We initially ran models controlling for confounding variables, including study parish and social class as categorical fixed effects, with individuals classed by occupation as rich, middle-class or poor [25]. Twin status (singleton or twin) accounted for lower survival of twins [14], and birth order (firstborn or subsequent) inheritance bias [23]. We included linear and quadratic age in all models, divided by 100 to aid convergence in models of adults. For children, we included sex as a categorical fixed effect. We included random effects of individual identity, maternal identity and year to account for repeated measures and variation between individuals, families and years. We also repeated the analyses with birth year as a fixed effect and a random effect, but in all models, it was not significant and did not affect the results. We therefore present models excluding birth year. The full model was compared against a model where a variable of interest was absent. When dropping a variable increased the Akaike Information Criterion (AIC) value by >2, we regarded inclusion of the variable as improving the statistical fit of the model. Variables which, when dropped, resulted in an increase of <2 or a decrease in AIC value were not considered to improve model fit and were removed to attain a ‘base’ model for each data subset.

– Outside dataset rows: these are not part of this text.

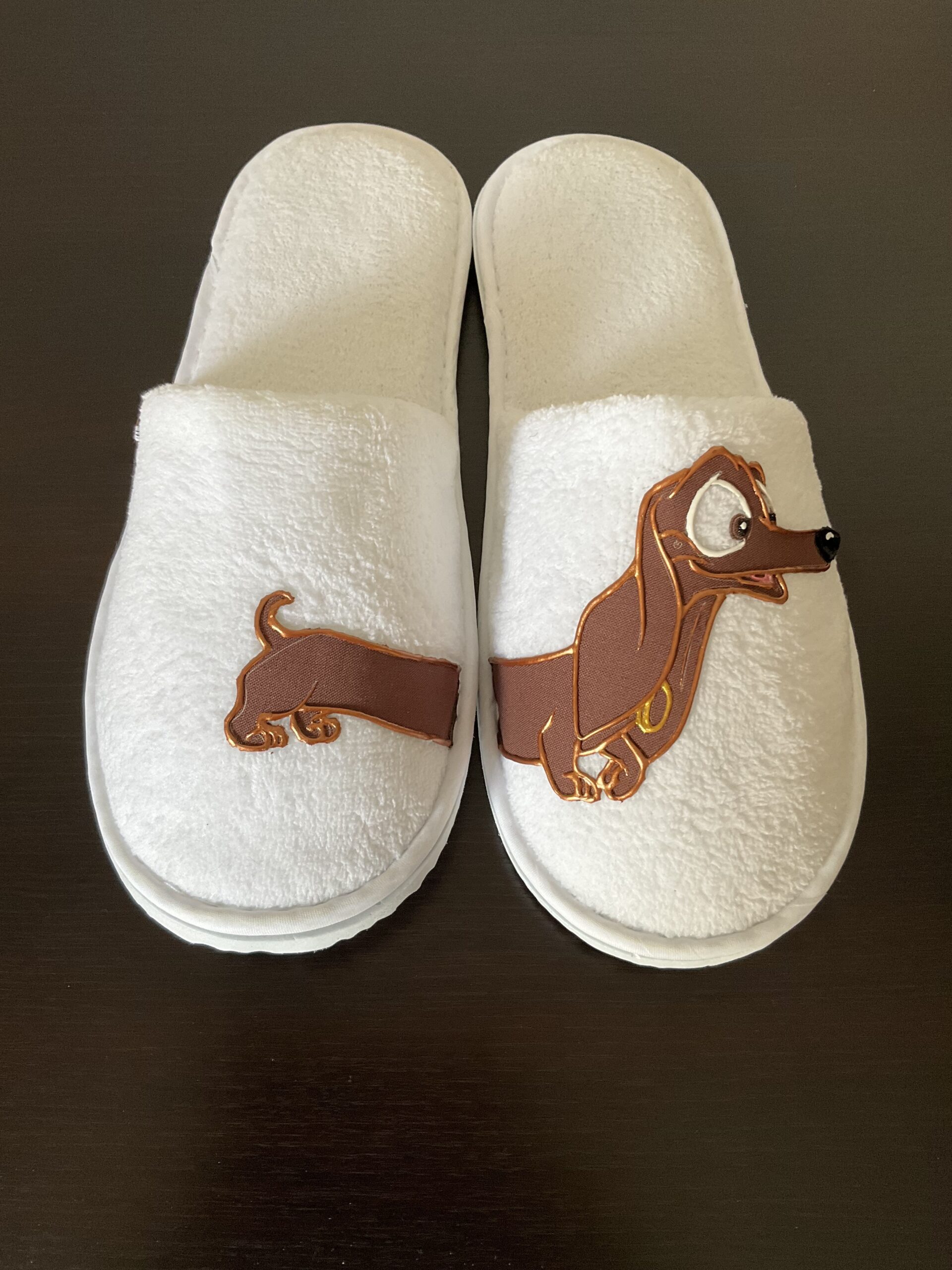 Pantoufles Dog White dessus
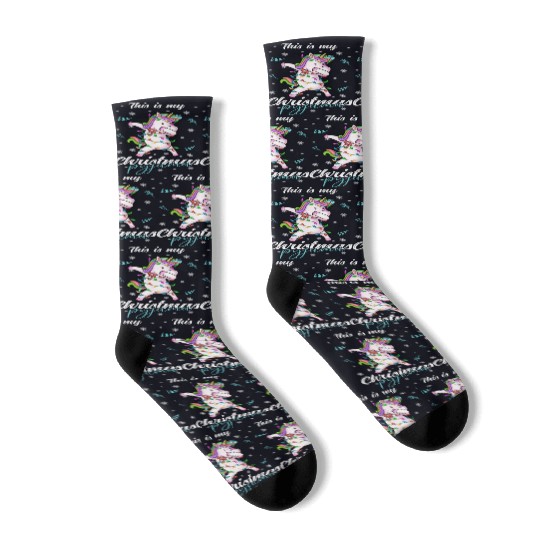 Winter Christmas Pyjama Unicorn Socks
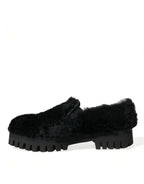 Dolce & Gabbana black fur leather slippers dress shoes with sleek design and luxurious texture.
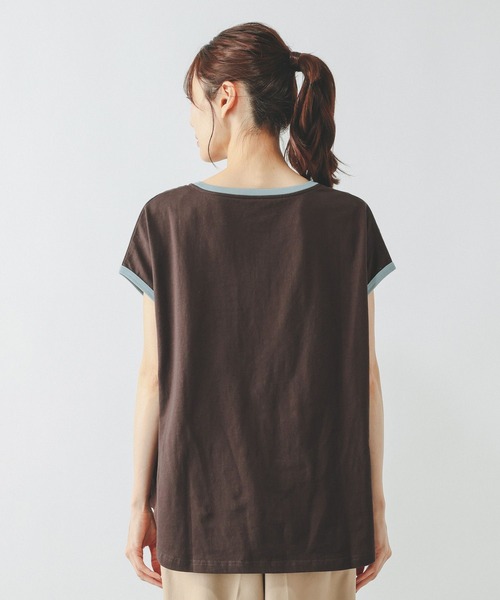 GLOBAL WORK(グローバルワーク)の「ヘビロッTEEリンガーロゴ/665699(Tシャツ/カットソー・レディース・イエロー系その他3/ダークブラウン・MEDIUM/LARGE)」の13枚目の写真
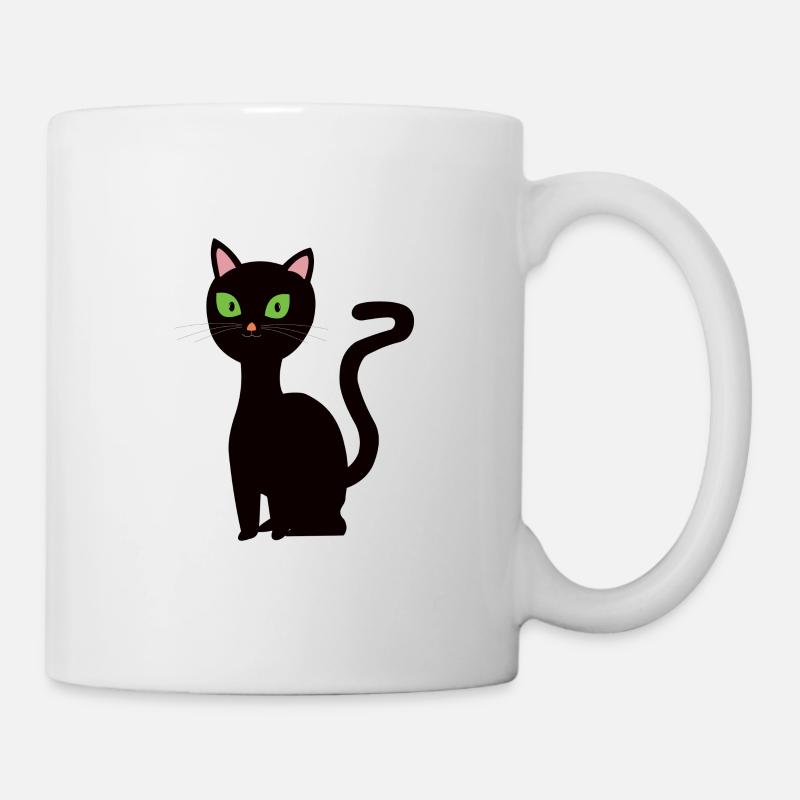 Chat noir - Mug blanc - blanc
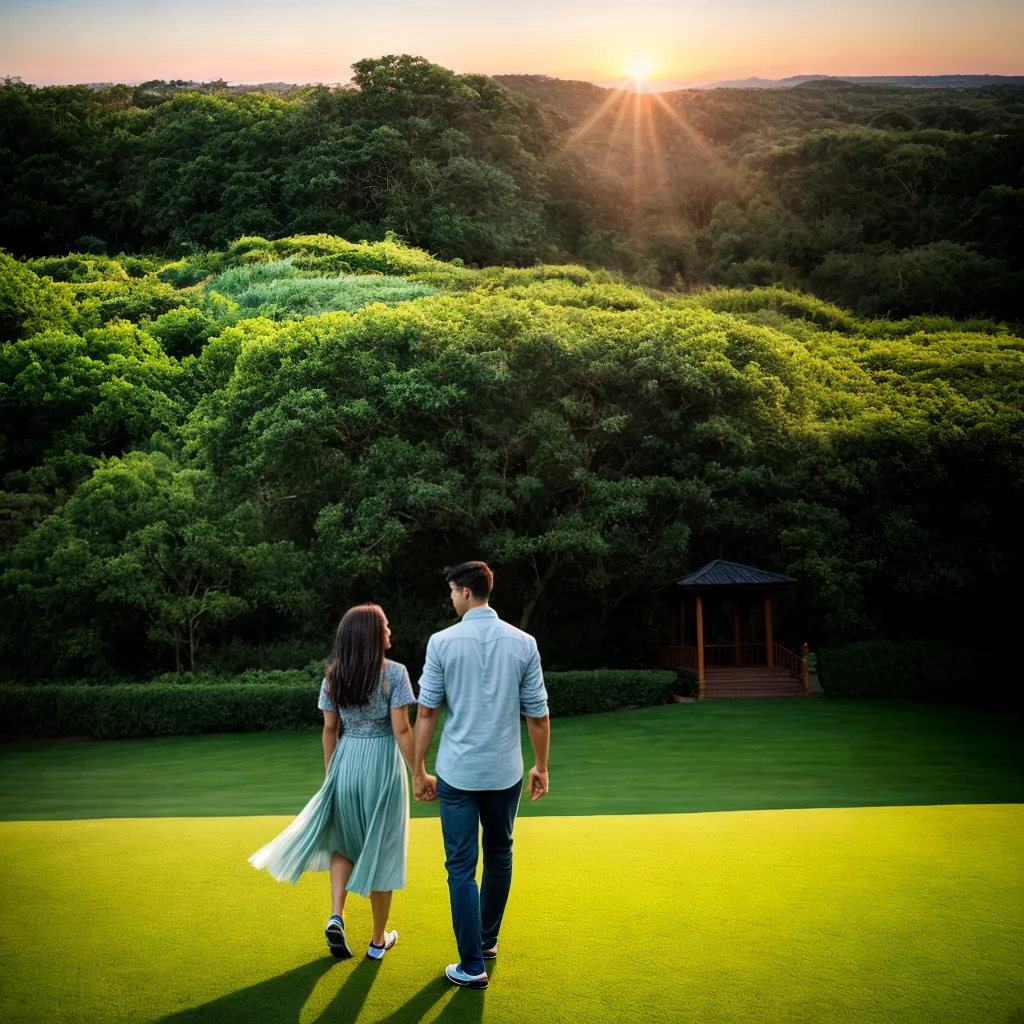 casal jardim sustentavel amor por do sol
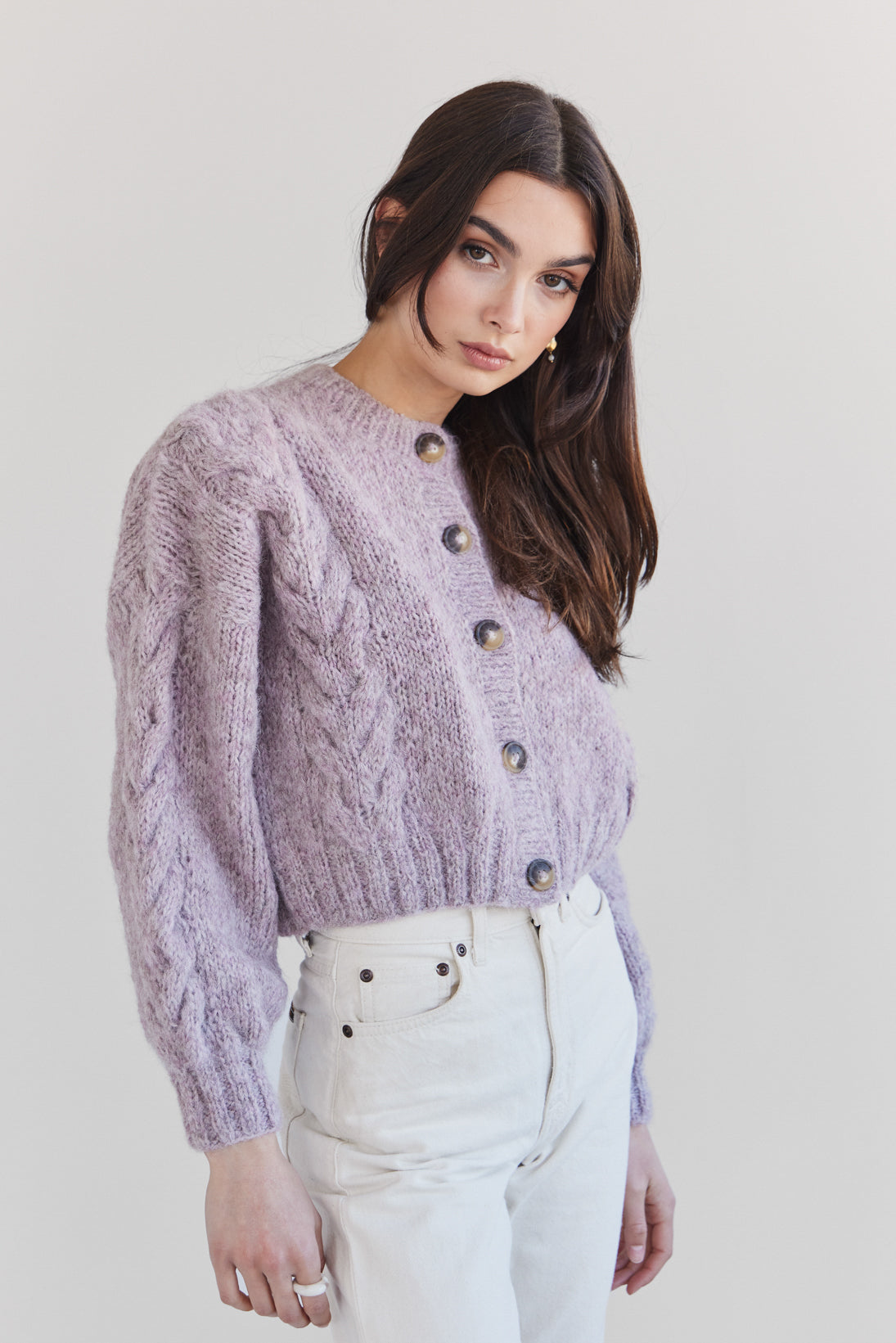 Lima Alpaca Cardigan - Magnolia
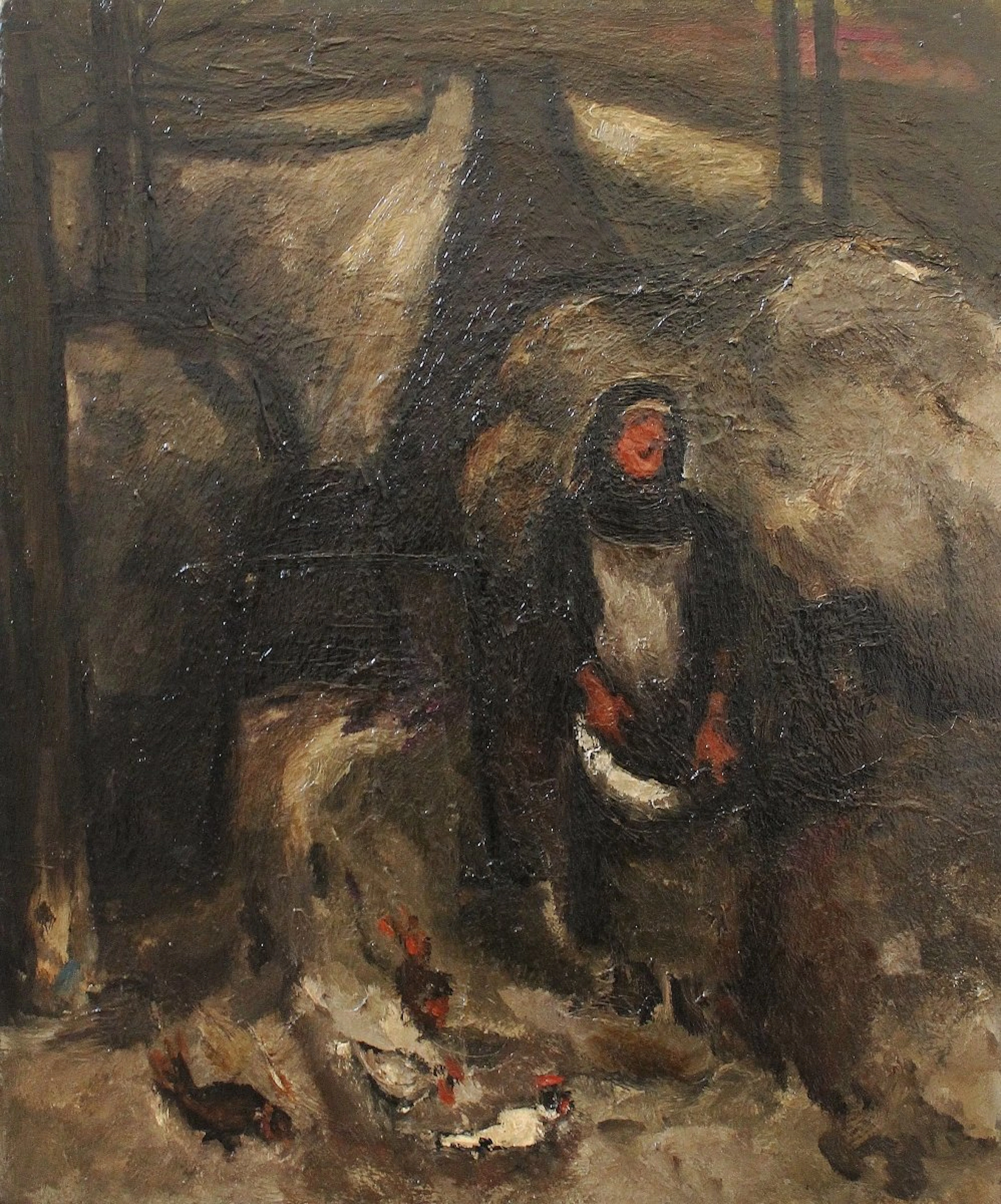 Woman feeding birds in the snow - 1955 by Sheila Fell RA FRSA
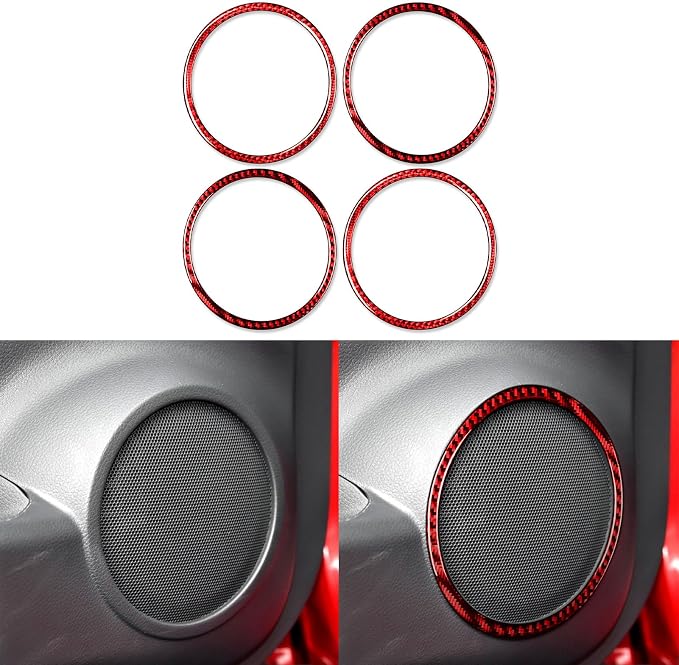 Red Real Carbon Fiber Trim for Nissan Rogue Accessories | for 2014-2020 / Rogue Sport 2017-2022 Door Inner Horn Ring Sticker Interior Thick Overlay Decal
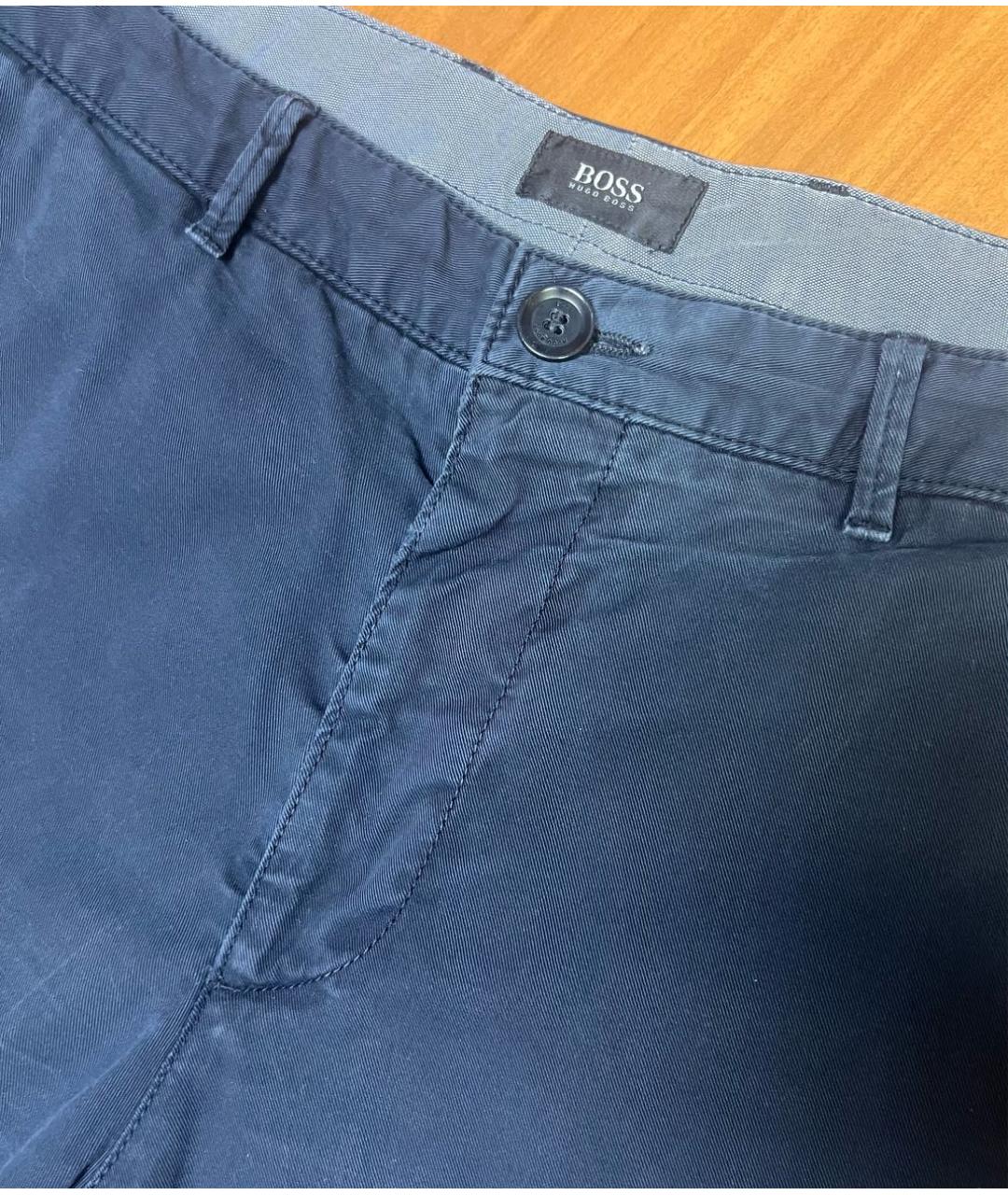 HUGO BOSS Темно-синие хлопко-эластановые повседневные брюки, фото 3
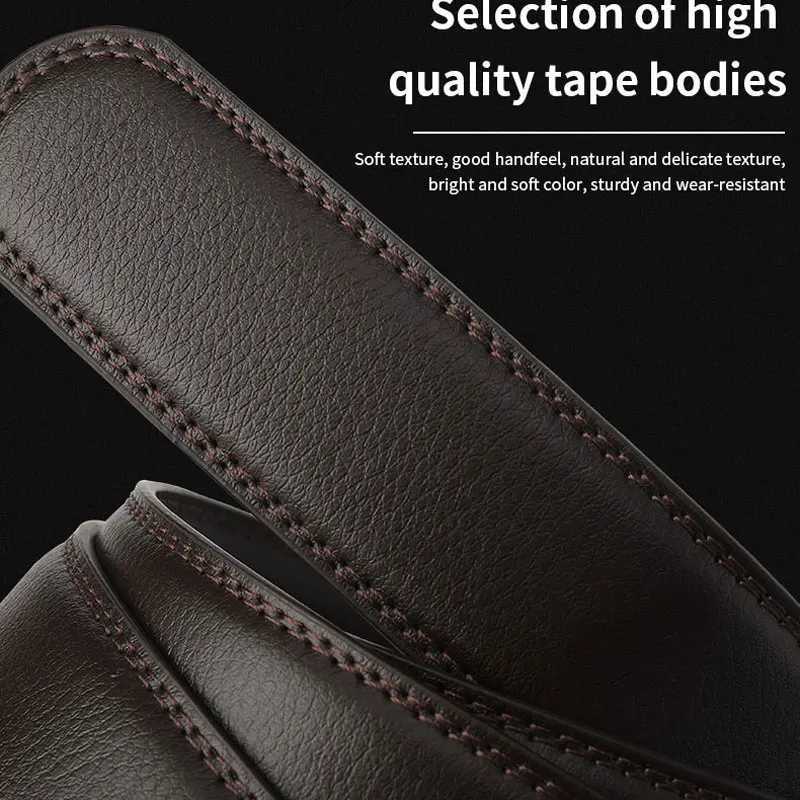 New mens belt automatic buckle pants belt cowhide automatic buckle formal business mens belt with suit belt W251024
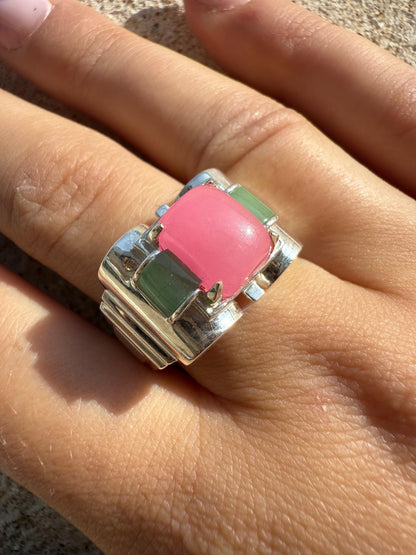 Bague Tank - Jade rose - shop_name Lithothérapie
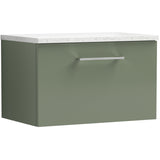 Nuie Arno 600mm Wall Hung 1 Drawer Countertop Vanity Unit Satin Green ARN822LSW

E and spring temperature were then added to the model separately; no model contained both. We examined independent effects of current and early-life conditions before adding their interaction. We added interactions with social class, and in analysis of children we tested interactions between environmental variables and age. Quadratic effects of environmental variables were tested but not supported. Models were compared as described above.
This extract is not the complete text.